3.16 [appellant] heeft onvoldoende concrete feiten aangevoerd waaruit zou kunnen volgen dat tussen Rabobank en [appellant] op enig moment niettemin is overeengekomen dat Rabobank hetgeen [appellant] bij gelegenheid van het contact in februari 2012 aan Rabobank heeft medegedeeld niet zonder toestemming van of vergoeding aan [appellant] in de praktijk zou brengen. Dat ligt ook niet voor de hand, omdat de Rabobank voorafgaande aan het eerste contact met [appellant] reeds doende was met de voorbereiding van de implementatie van hetzelfde idee.

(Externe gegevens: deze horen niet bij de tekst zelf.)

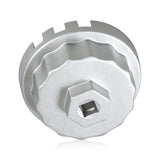 Silver 64mm 4-Slot Oil Filter Housing Wrench Fits for Toyota Tacoma Tundra 3/8 – product image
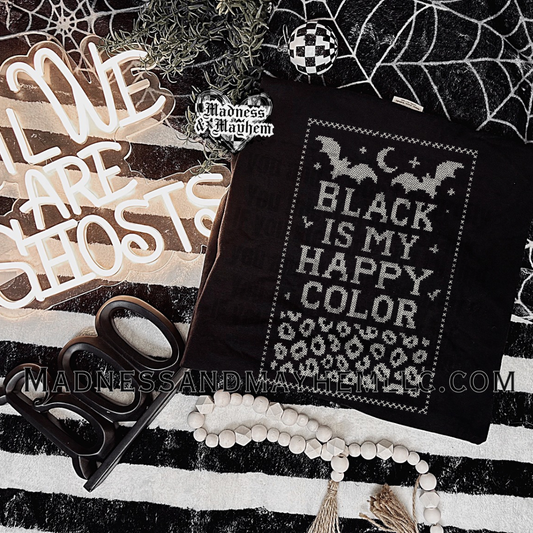 Black is my happy color rebel shirt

3.19 Onderdeel a van de gewijzigde eis in hoger beroep verwijst naar “industriële c.q. intellectuele eigendomsrechten van [appellant] ”. In zijn processtukken in hoger beroep licht [appellant] niet toe op welke rechten van (industriële of) intellectuele eigendom hij doelt. In eerste aanleg is aan de orde gekomen dat [appellant] een octrooi heeft aangevraagd en verkregen dat volgens Rabobank niet geldig is omdat uit het nieuwheidsonderzoek van het Octrooicentrum Nederland blijkt dat geen van de conclusies van het octrooi nieuw of inventief zijn. [appellant] heeft in eerste aanleg echter duidelijk gemaakt dat hij dit octrooi niet aan zijn vordering ten grondslag legt en de rechtbank heeft dienovereenkomstig bij de weergave van het standpunt van [appellant] het octrooi niet vermeld. Daartegen heeft [appellant] geen grief gericht en in hoger beroep heeft [appellant] het octrooi niet alsnog aan zijn vordering ten grondslag gelegd. Het hof ziet daarom geen aanleiding de zaak te verwijzen naar het gerechtshof Den Haag, zijnde de (in hoger beroep) bevoegde rechter in octrooizaken. Voor het overige blijkt uit de stellingen van [appellant] niet dat hij enig recht van intellectuele eigendom heeft ten aanzien van het idee dat hij in februari 2020 aan Rabobank heeft gepresenteerd. Het hof oordeelt daarom dat ook onderdeel a van het gewijzigde petitum niet toewijsbaar is.